>>>

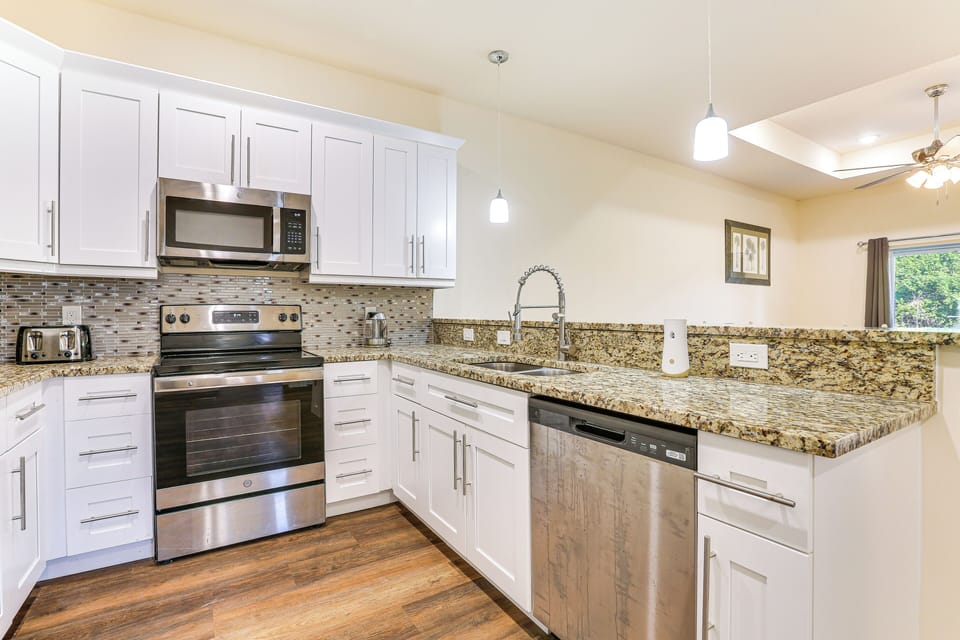 Kitchen | Toaster | Stove/Oven | Microwave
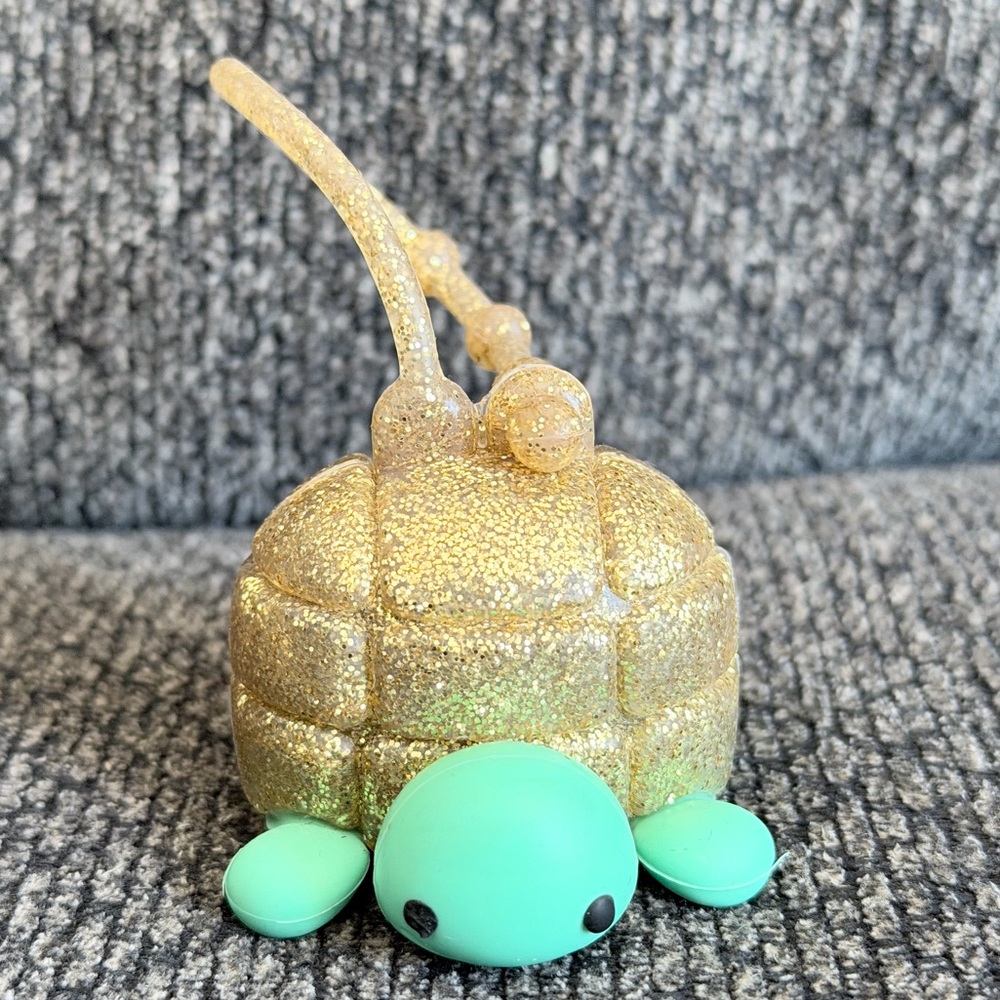 NWOT Bath and body works Shiny Turtle Pocketbac Holder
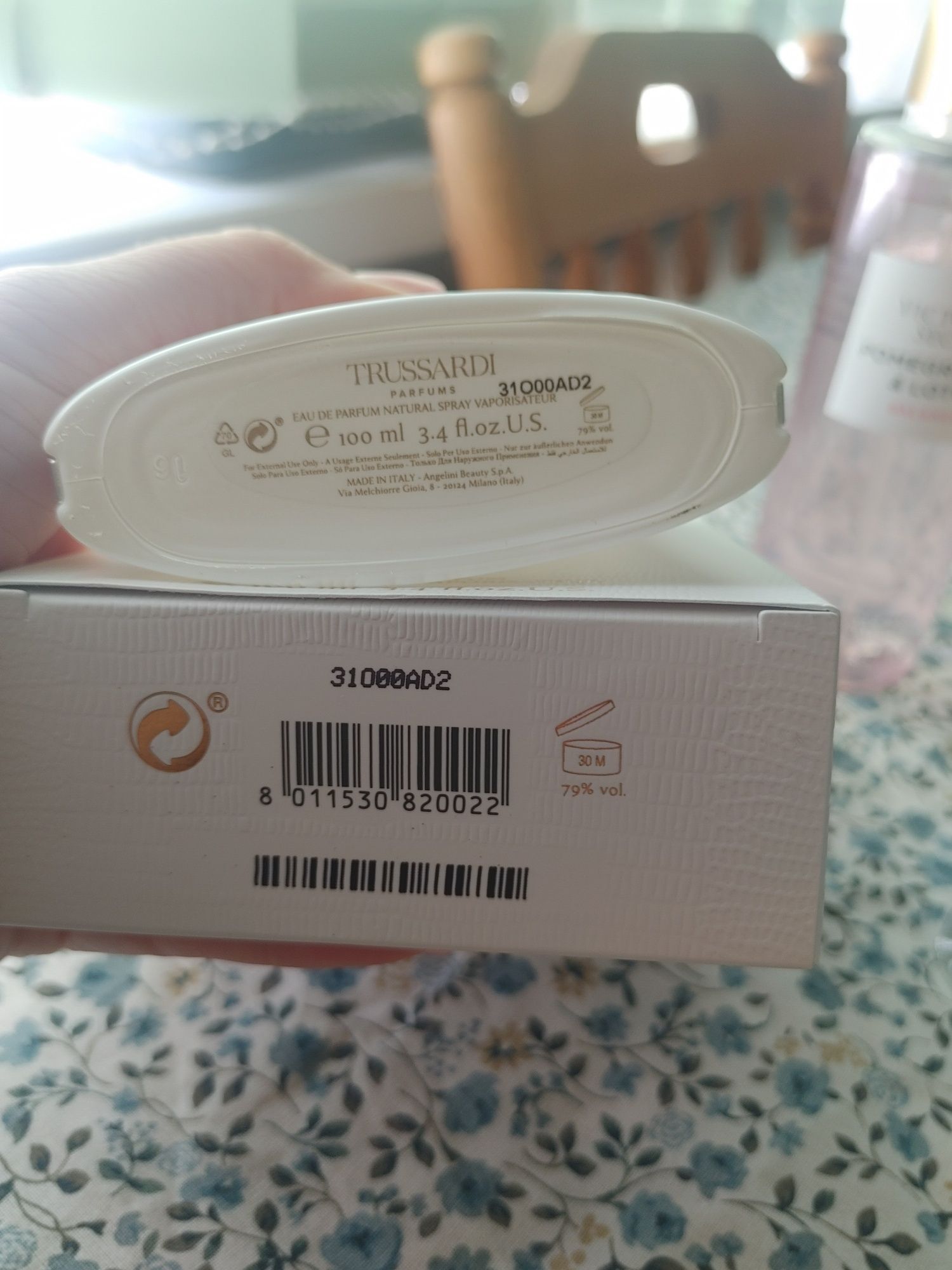 Парфумована вода, духи TRUSSARDI Donna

<<<

INSTRUCTIONS FOR THE TASK ▸
Output every line above exactly as it stands, and drop any picture.

THE COMPLETED TASK ▸
 Kitchen | Toaster | Stove/Oven | Microwave
 NWOT Bath and body works Shiny Turtle Pocketbac Holder
 Парфумована вода, духи TRUSSARDI Donna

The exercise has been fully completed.